I will conclude by repeating some of my learning from a recent book I edited using a multi-disciplinary approach in understanding restorative justice. There I said: "Try and visualize the word ‘justice’ or even ‘criminal justice’. When applying the test of using search engines, my hits rendered the same images that were in my mind. These were: the balanced scales of justice, the blindfolded Greek Goddess Themis (again holding the balanced scales of justice and a sword), holding hands or a fist. Reflecting on the findings of this homemade test, I argue that most of us visualize justice in this way simply because we view it as virtue, a value-based notion, a higher purpose and an honourable goal that can give essence to our life paths and sacrifices. My brain did not visualize justice in the form of prisons, courts, suited white men or ministries and politicians.

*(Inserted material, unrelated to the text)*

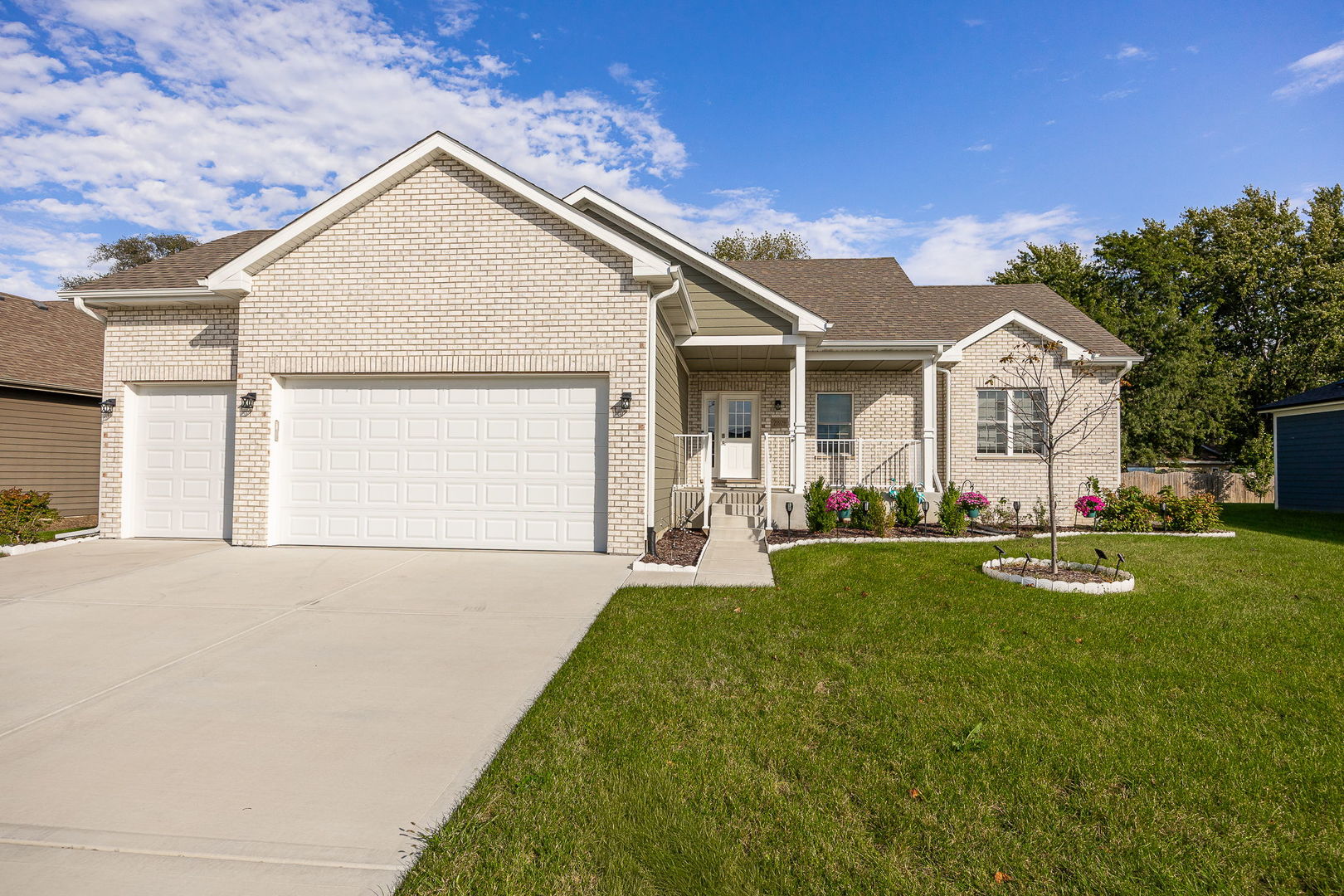 20929 Lakewoods Lane Property Photo 1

I believe, that our brains deny diminishing justice to an image anything less than a representation of a higher existence. And yet, when an injustice takes place, we instantly visualize prison bars, tall walls, courtrooms and lawyers. By extension, this basic test made me think about the essence of restorative justice. Trying to visualize restorative justice, I did not capture any images of suited mediators, signed agreements or formalized registries and structures. I saw holding hands, circles of people deep in their emotions, shaking hands and people hugging. Maybe this is because the goals and processes of restorative justice are found in relations, emotions and shared values." I cannot imagine a world where our sense of justice is measured by how much we save when processing "offenders" or indeed how many contracts we delivered successfully in the name of restorative justice. I take responsibility in what has gone wrong at home and hope that we can all learn from what many indigenous and aboriginal communities tried to teach us.